Certo, dicevamo poc’anzi, il dibattito sui valori etici e i legami con la cultura non è nuovo e neppure un tema esclusivamente italiano. Anzi. Esiste, e da sempre, in tutti i Paesi. Solo che ognuno lo declina e lo risolve in modo diverso. Viene alla mente, per esempio, l’eterno bailamme che riguarda la Tate di Londra e il lauto finanziamento ricevuto da una nota compagnia petrolifera, che ha da sempre alimentato polemiche tra i perbenisti dell’arte, trovando risposte nel pragmatismo liberista di chi considera sacrosanto il finanziamento a tali attività, al di là della provenienza, purché lecita. Sottolineando che se si nutrono dubbi sulla sostenibilità o eticità di una determinata attività economica, la risposta “politica” è da individuare nell’eventuale abolizione di quella stessa attività, non nell’impedimento delle aziende coinvolte nel promuovere i loro brand, visto che il danno maggiore sarebbe per le organizzazioni che ricevono tali contributi.
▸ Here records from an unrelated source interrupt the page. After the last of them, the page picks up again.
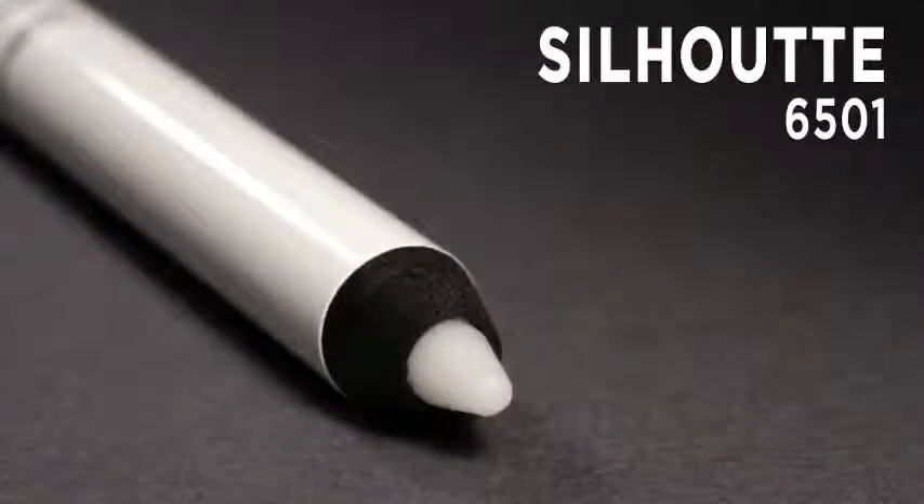This is the Lord & Berry Silhouette Lip Liner and Filler. It's fantastic for lining the lips. It goes with any kind of lipstick, any kind of lip gloss that will match anything because it's invisible.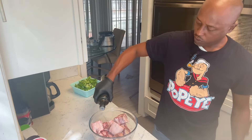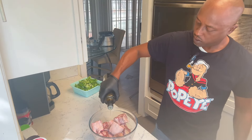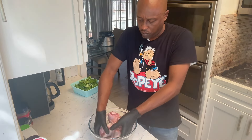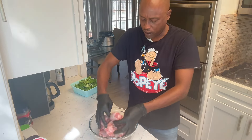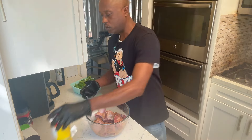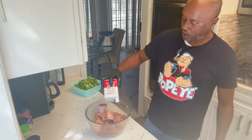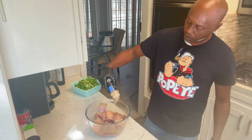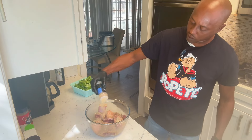We're starting out with some oxtails right here. I'm gonna oil these oxtails down. I think I got about four to five pounds of oxtails. We're gonna put a good amount of Slap Ya Mama seasoning in there, then we're going to black pepper these things really well. With the garlic powder, we got to use a lot of garlic powder on these.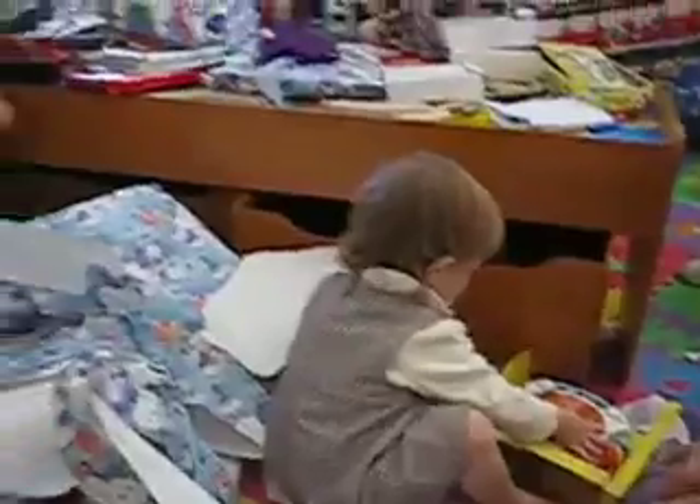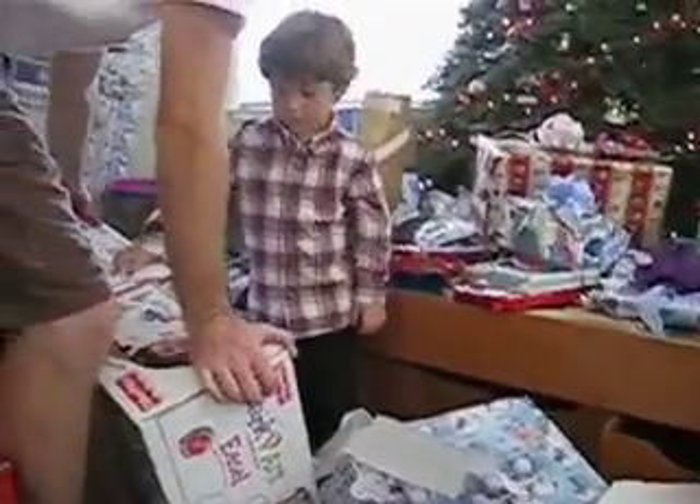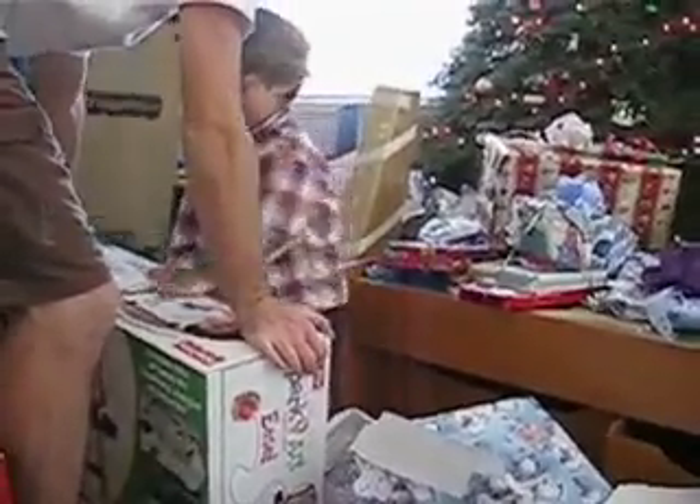It's to draw on. It's a big art set to draw on. And that can go in your room. That's really cool.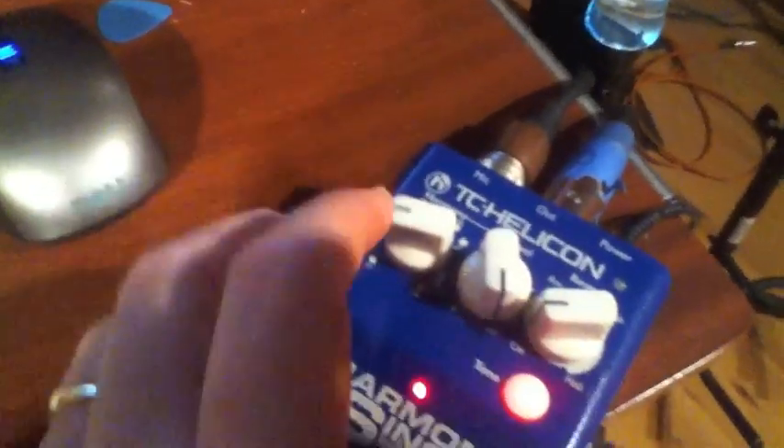But I have a new toy here in the studio. It is the TC Helicon. Let me just turn the camera and then I can show you. I have the TC Helicon Harmony Singer — a pretty new product.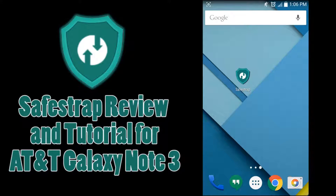What's up guys, coming off the Fourth here and I'm back with an installation tutorial and review of SafeStrap. You really only need to be watching this video if you have an AT&T Galaxy Note 3 or a Verizon Galaxy Note 3 that's not the developer edition, because those are really the only two devices that need this app.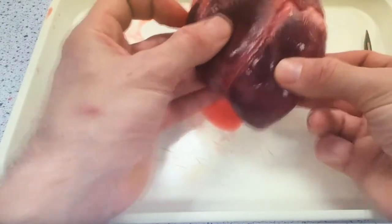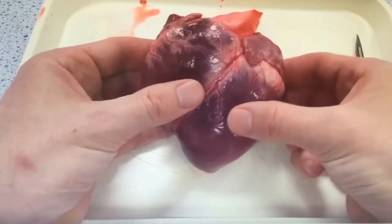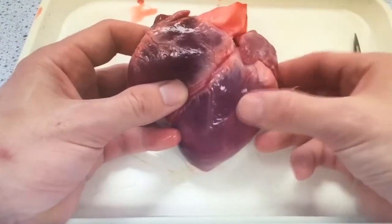Remember that the left chambers of the heart are much bigger than the right, and of course the ventricles are much bigger than the atria. Giving both sides a squeeze, you'll feel that the left side has a much thicker, more robust wall than the right side.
Ma di certo il Regno Unito non si è mai sognato di intervenire vietando certe operazioni: e non lo farà certo contro l’industria del gioco nei confronti della quale, al contrario, applica un principio ben diverso e senz’altro più concreto. Avendo introdotto un meccanismo chiamato delle “good causes” che prevede il finanziamento di sport e cultura attraverso un contributo diretto di queste attività. Sempre, però, sotto a precisi criteri, anche piuttosto rigidi, sulla libertà di azione promozionale delle aziende di gioco. Con un controllo ferreo sulla responsabilità di impresa, sulla tutela dei consumatori e sulla prevenzione delle dipendenze. 
Tutto questo per evidenziare soltanto l’apparente superficialità di un approccio di questo tipo, come pure la sua pericolosità. Visto che, procedendo di questo passo, si andrebbe incontro al rischio di veder proliferare divieti su divieti, coinvolgendo magari sempre più settori economici e produttivi e andando quindi a sottrarre nuove e ulteriori risorse (anche) all’industria culturale, che in Italia sopravvive, e con immani difficoltà, proprio grazie ai finanziamenti dei privati. Ed ecco un’altra riflessione che ci sentiamo di consegnare al nuovo governo. Che possa dare davvero dignità a questo Paese, e alla sua cultura. Anche valorizzando e potenziando l’industria culturale e il suo indotto. Cosa di cui non si sente ancora oggi parlare. 

Alessio Crisantemi

1 commento

  1. Possibile che non si riesca mai a pensare ai veri problemi di un paese? Invece di costringere le aziende dell’azzardo, semmai, a investire sulla cultura, blocchiamo le sponsorizzazioni..ma intanto si gioca lo stesso. Roba da matti! Anzi, da italiani!!